===== DATA =====
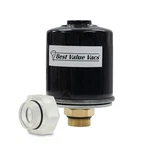 Bvv Carbon Exhaust Filter With Cps Adapter. Fixed Price $129.95.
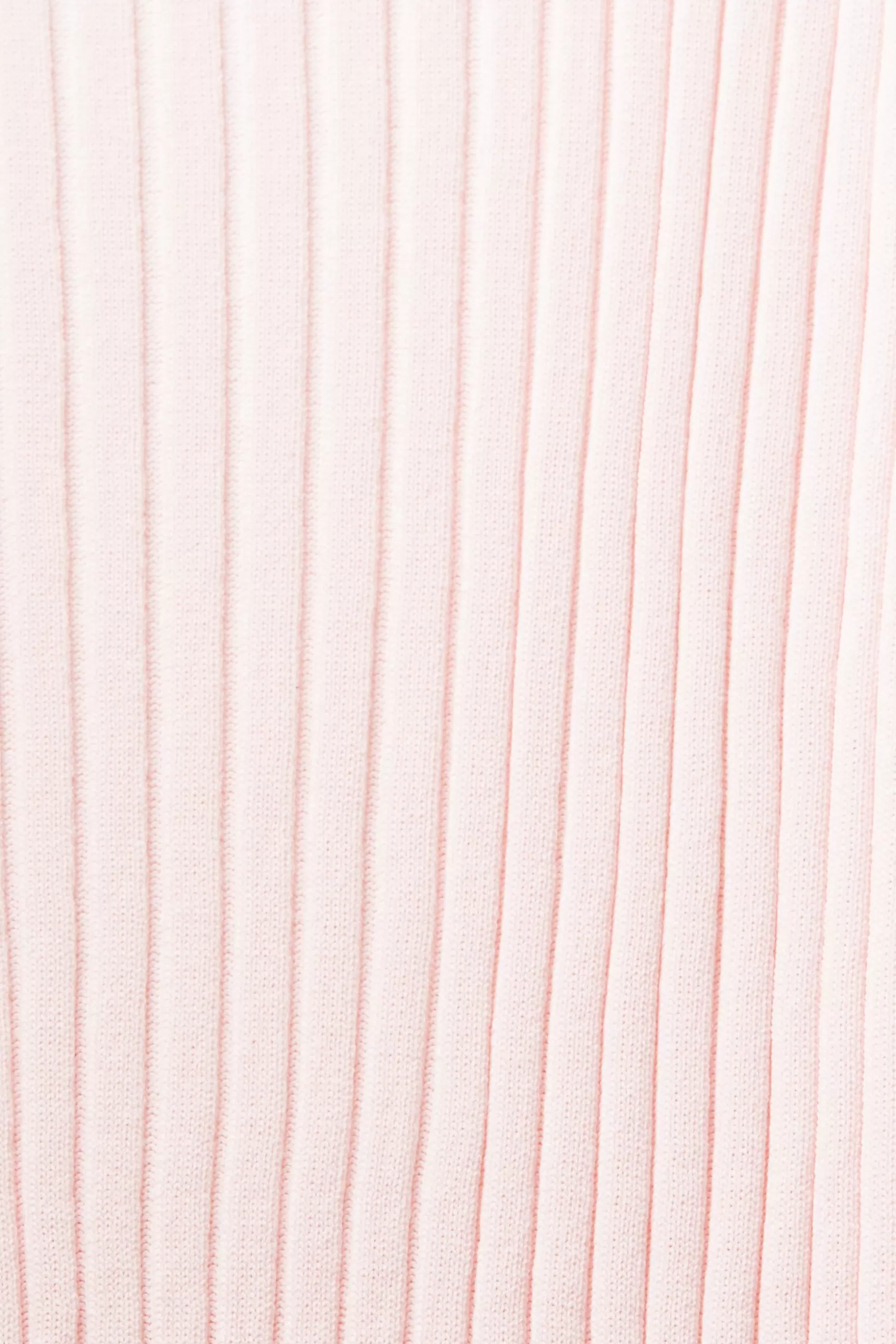 ESPRIT Striped Knit Sleeveless Midi Dress at our Online Shop *Women The Pastel Edit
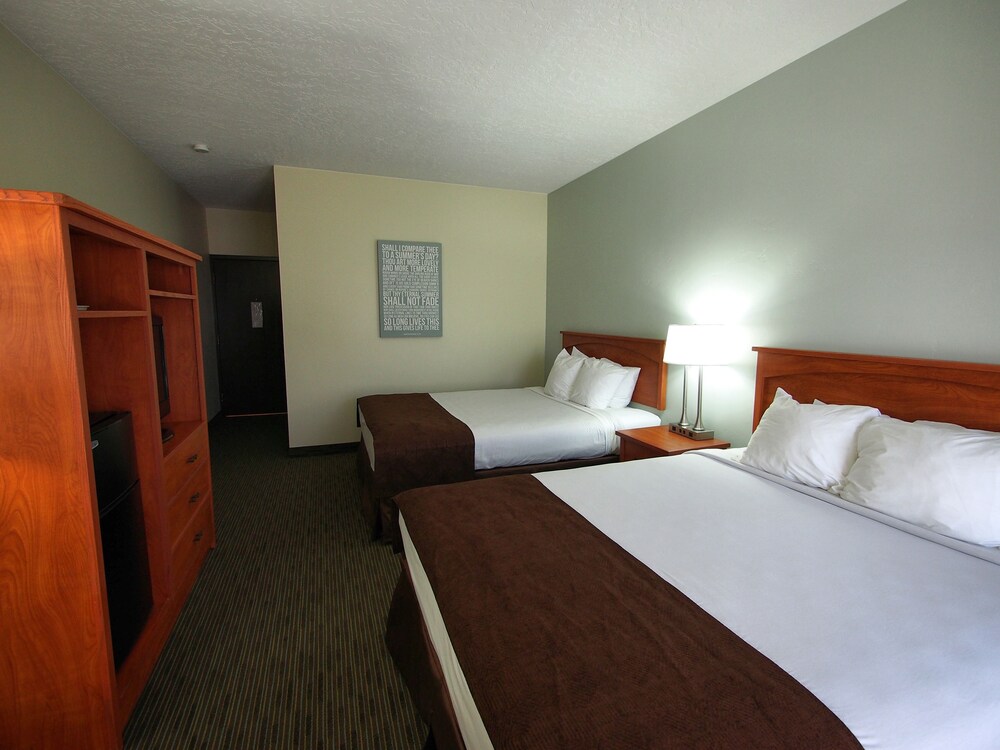 Stratford Court Hotel - photo 39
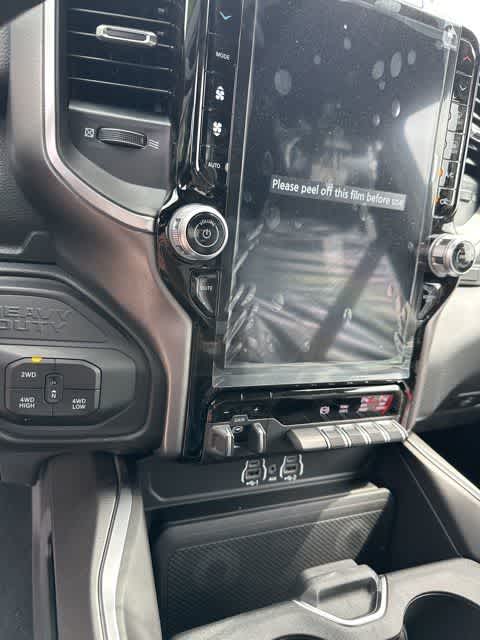 Thumbnail: 2026 RAM 3500 - 5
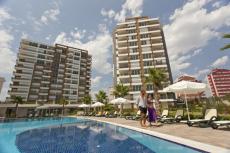 شقق فاخرة باطلالة بحرية في انطاليا - 12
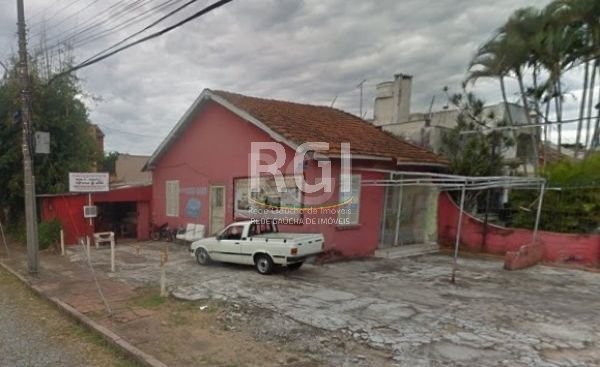 Foto 1 de Casa com 3 Quartos à venda, 87m² em Passo da Areia, Porto Alegre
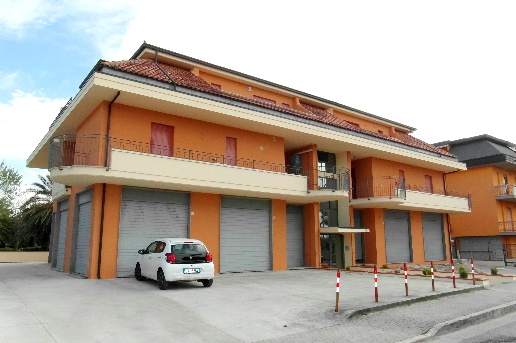 appartamento in vendita a Martinsicuro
=====
*TASK ITEM*. Everything in the records goes into your answer exactly, except the pictures.

*RESULT OF THE EXERCISE*.
 Bvv Carbon Exhaust Filter With Cps Adapter. Fixed Price $129.95.
 ESPRIT Striped Knit Sleeveless Midi Dress at our Online Shop *Women The Pastel Edit
 Stratford Court Hotel - photo 39
 Thumbnail: 2026 RAM 3500 - 5
 شقق فاخرة باطلالة بحرية في انطاليا - 12
 Foto 1 de Casa com 3 Quartos à venda, 87m² em Passo da Areia, Porto Alegre
 appartamento in vendita a Martinsicuro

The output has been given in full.